In dead reckoning, the navigator estimates a ship's position by keeping a careful record of its movement. The initial point of departure for dead reckoning is usually the last fix the navigator obtains from objects on land at the start of a voyage. From this point, true courses steered and distances traveled (as recorded by log) are plotted on a chart
Points along the dead-reckoning line, representing successive positions of the ship, are labeled with the appropriate time and the notation “D.R.” Dead reckoning commonly begins anew each time bearings, celestial observations, or electronic aids provide an accurate fix. The dead-reckoning line on his chart is important to the navigator because it indicates at a glance the theoretical position of the ship, the track the ship should have followed, and the direction in which the ship is traveling.

Electronic Navigation



Modern electronic devices are important aids in finding position at sea. For example, the navigator whose ship is equipped with a radio direction finder can determine the bearings of radio transmitting stations on shore. Special radio beacons for navigation are established at lighthouses, lightships, and prominent points along coasts. Radio bearings may be plotted on a chart to obtain a fix.
A variety of other electronic aids to navigation are in use or under development. Loran (long-range navigation) and shoran (short-range navigation) are among the most widely known. Radar is also of value, especially for a ship near the shore. Consol, by contrast, is designed for operation over relatively long ranges. A ship at sea can obtain a fix on its position from Consol shore stations with the use of an ordinary radio receiver.

Celestial Navigation

For centuries sailors have guided their ships across the oceans by celestial navigation, or nautical astronomy. This is the art of finding position by observing the sun, moon, stars, and planets.
As they journey for some distance, travelers observe that the celestial bodies appear to change their paths across the sky and to rise and set at new points along the horizon. Since the apparent positions of celestial bodies thus change with time and with changes in an observer's position on the nearly spherical Earth, the location of a ship or other craft may be determined by careful observations of celestial bodies.

The celestial sphere



Celestial bodies, such as the stars, are so far from the Earth that they appear to be located on the inside surface of an imaginary hollow sphere. This sphere, which has an infinite radius, is called the celestial sphere. Its center coincides with the center of the Earth. All points on the Earth's surface are considered to be projected onto the celestial sphere, as are the equator, the parallels of latitude, and the meridians.
For the purpose of navigation, a system of coordinates is required on the celestial sphere in order that the position of a celestial body at any time may be accurately described. One such system is the celestial equator, or equinoctial, system.
In this system the celestial equator, or equinoctial, is the base, or primary, circle. It corresponds to the Earth's equator. At right angles to the celestial equator are the hour circles. An hour circle is a great circle on the celestial sphere that passes through the poles and through a celestial body or point. Each meridian of the celestial sphere is identical with an hour circle.
The declination (dec.) of any point on the celestial sphere is its angular distance north or south from the celestial equator, measured along the hour circle that passes through the point. Declination on the celestial sphere corresponds to latitude on the Earth's surface.
The Greenwich hour angle (GHA) of any point or body is the angle, measured at the pole of the celestial sphere, between the celestial meridian of Greenwich and the hour circle of the point. The angle is measured along the celestial equator westward from the Greenwich celestial meridian, from 0° through 360°. The GHA differs from longitude on the Earth's surface in that longitude is measured east or west, from 0° through 180°, and remains constant. The GHA of a body, however, increases through each day as the Earth rotates.

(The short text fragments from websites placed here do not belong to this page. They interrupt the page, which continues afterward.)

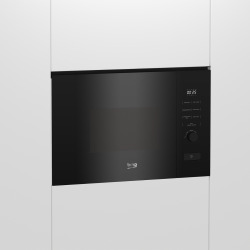  Beko Four micro-ondes et gril encastrable 20L, 800W. Sécurité enfant, 8 programmes de cuisson automatiques, noir (BMGB20212B)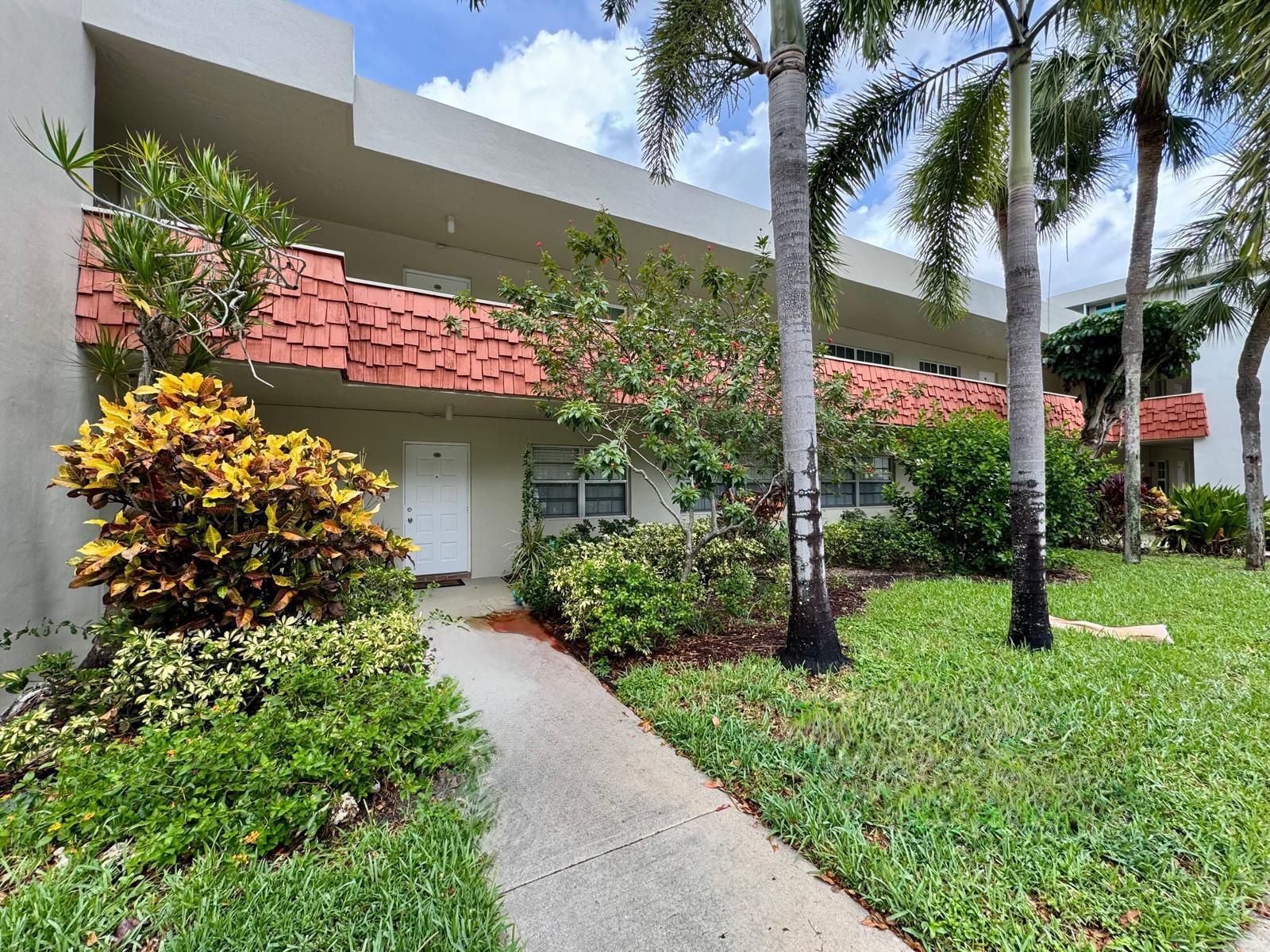 901 Cypress #103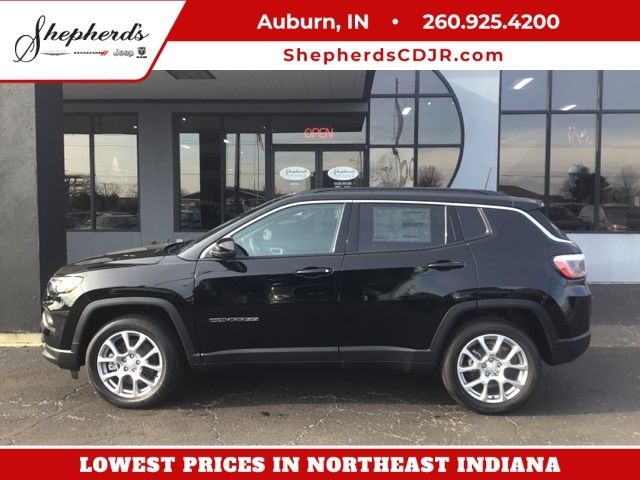 2024 Jeep Compass Latitude Lux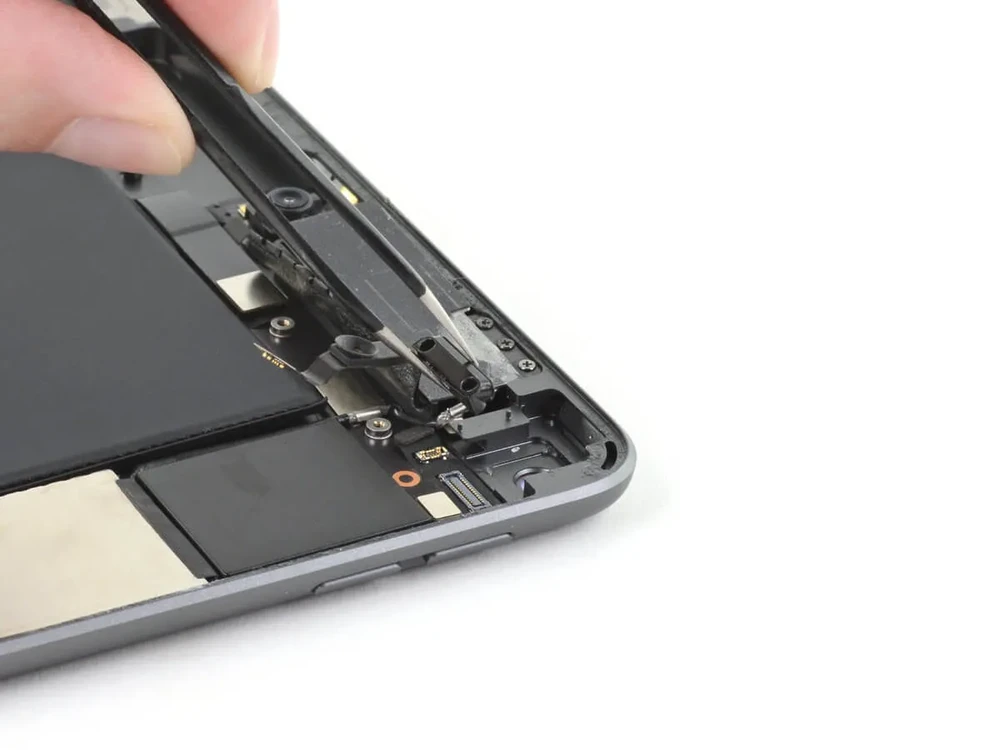 Замена кнопки Power (включения) iPad mini 5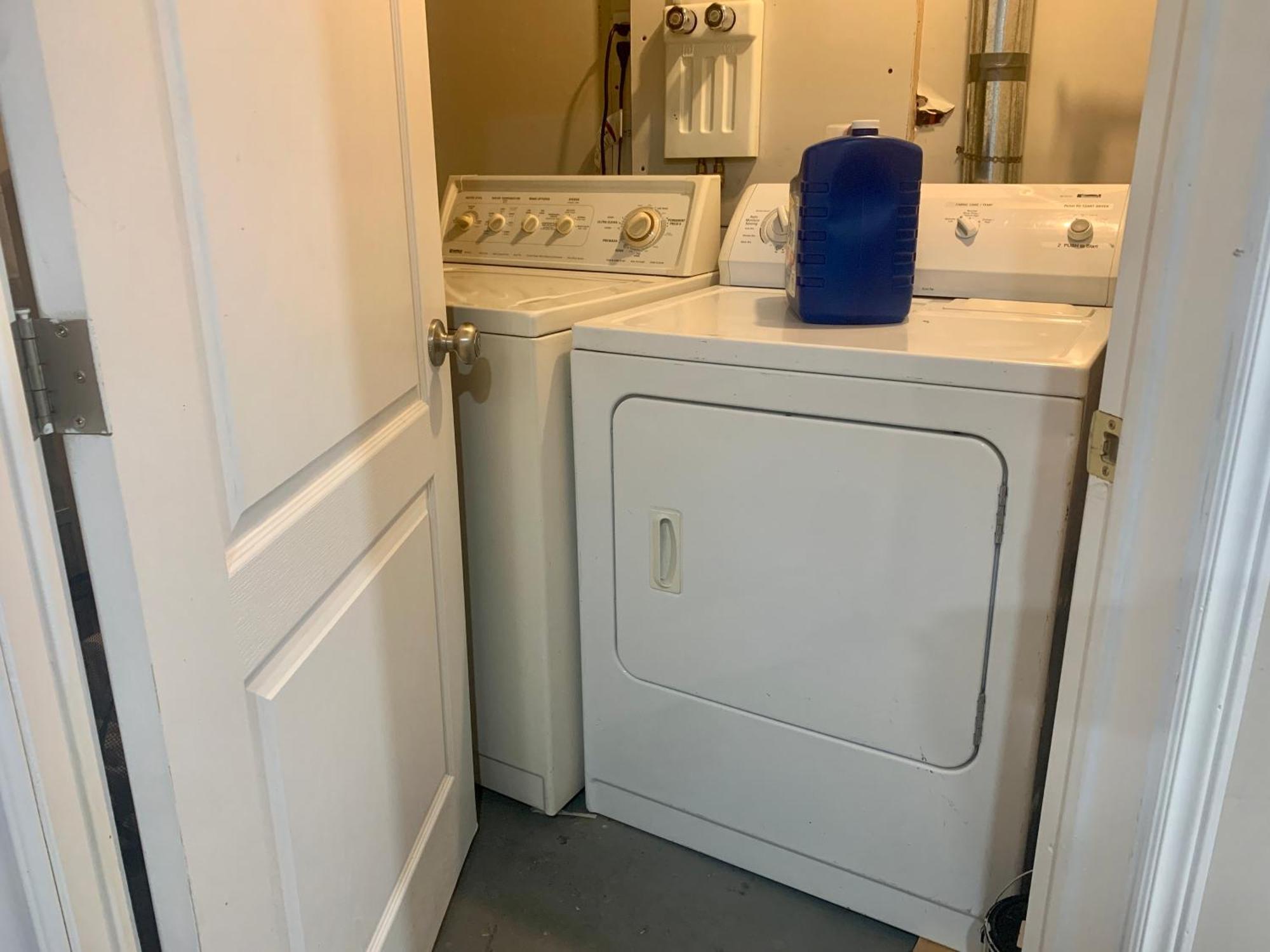 1 Room In A Cozy And Beautiful Basement Guelph Bagian luar foto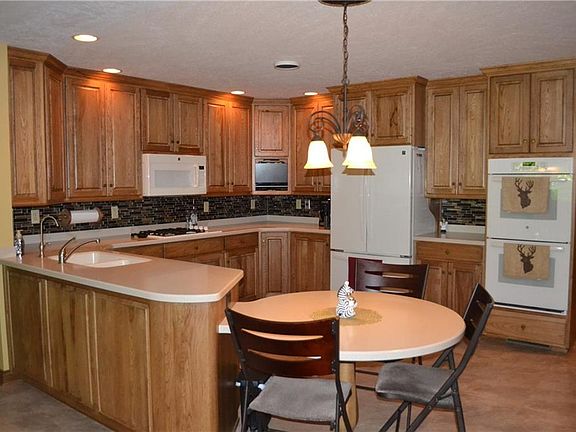 4th image of 34 Park Forest Ln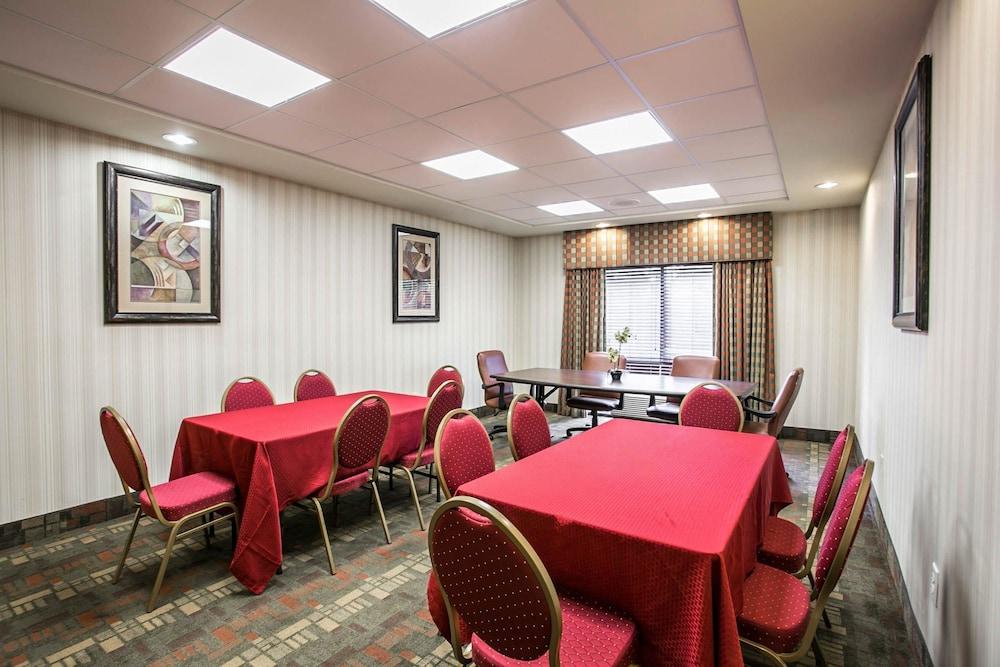 Comfort Suites Columbia Northeast - Fort Jackson Екстериор снимка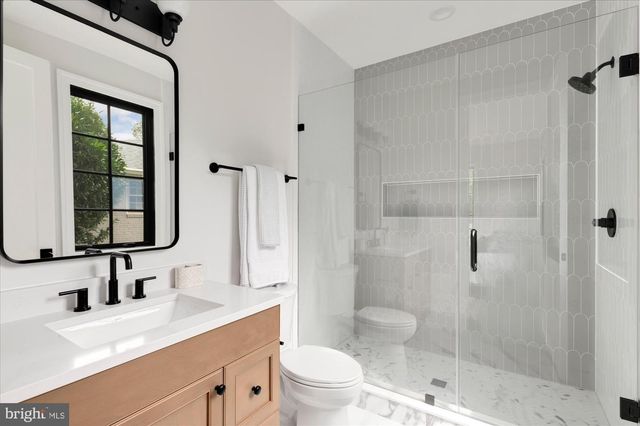 1446 COLA DR, Mclean, VA 22101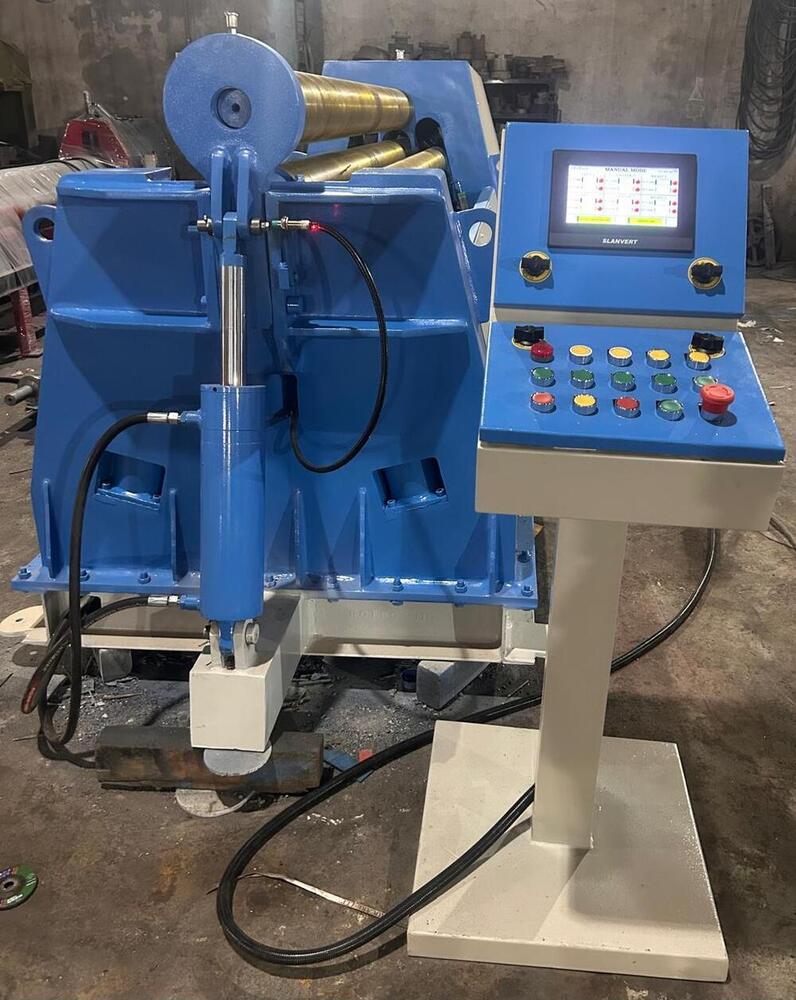 HYDRAULIC PLATE BENDING MACHINE
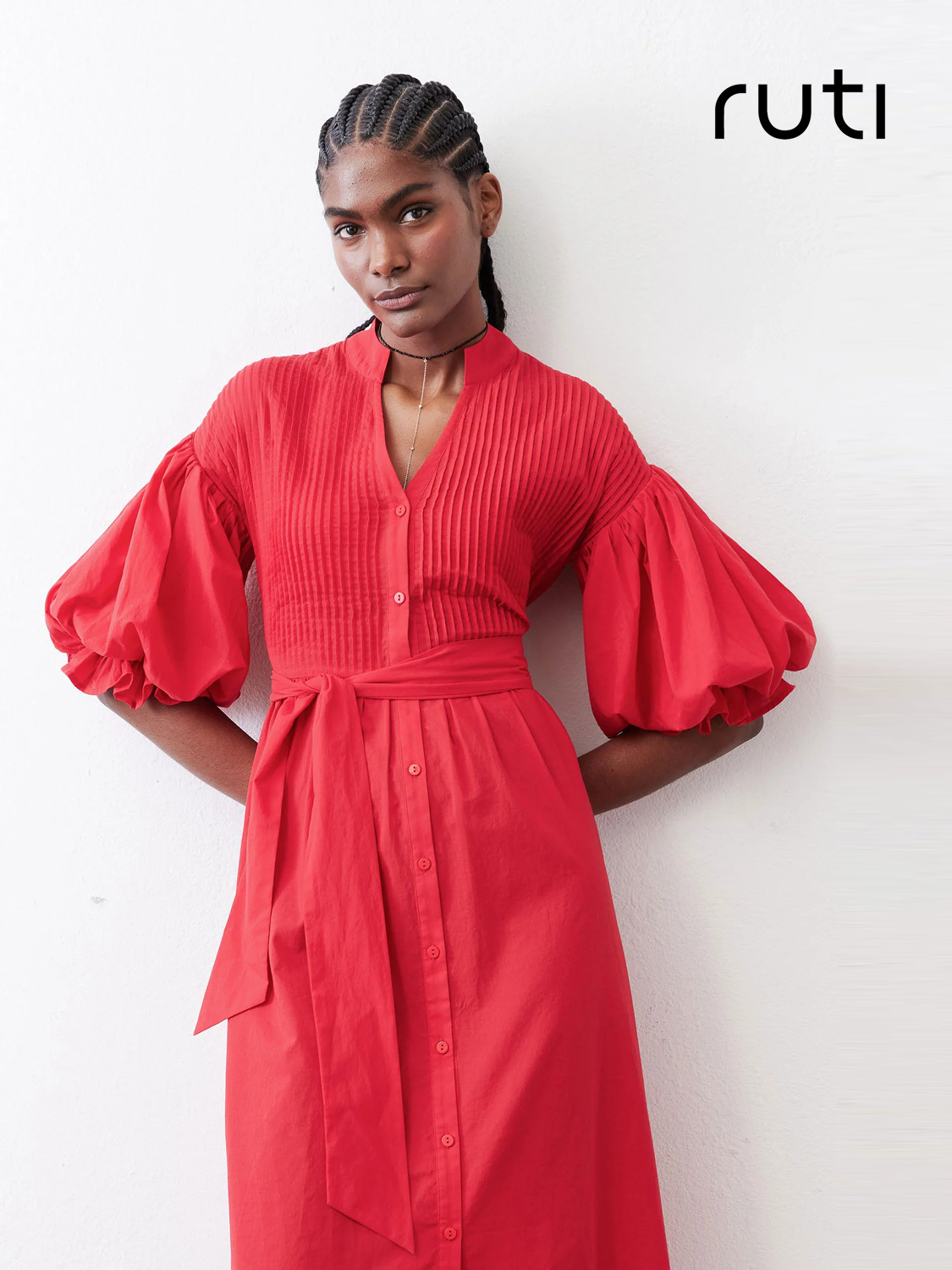 Ruti red dress look.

The theory of celestial navigation



At any instant of time every celestial body is directly above—or in the zenith of—some point on the Earth's surface. This point lies on a line connecting the body and the center of the Earth. It is called the geographical position, or GP, of the body. Sometimes the GP of the sun is called the subsolar point; that of the moon, the sublunar point; and that of a star, its substellar point.
A line from the center of the Earth through the GP of an observer would extend to a point on the celestial sphere. This point is called the zenith of the observer; the line is his local vertical.
The altitude of a celestial body is the angle, measured by an observer on Earth, between the body and the horizon. Were a celestial body—say, a star—directly above, or in the zenith of, an observer, its altitude would be 90°. The observer would be at the GP of the star.
Were the observer a distance away from the GP of a star, however, the altitude of the star would be less than 90° by an amount proportional to the distance. On the celestial sphere, the observer's zenith would be apart from the star by a distance called the zenith distance, or ZD.
All points a given ZD from a star would form around the star a circle of radius equal to the ZD. Were lines from all points on the circle extended to the center of the Earth, a similar circle would be formed on the Earth's surface. From any point on this circle, the observed altitude of the star would be the same; hence, it is called a circle of equal altitude. Its center is the GP of the star. A second circle of equal altitude would exist around the GP of a second star. Ordinarily, the circles would intersect in two widely separated points. One of these points, of course, would be the position of the observer on the surface of the Earth.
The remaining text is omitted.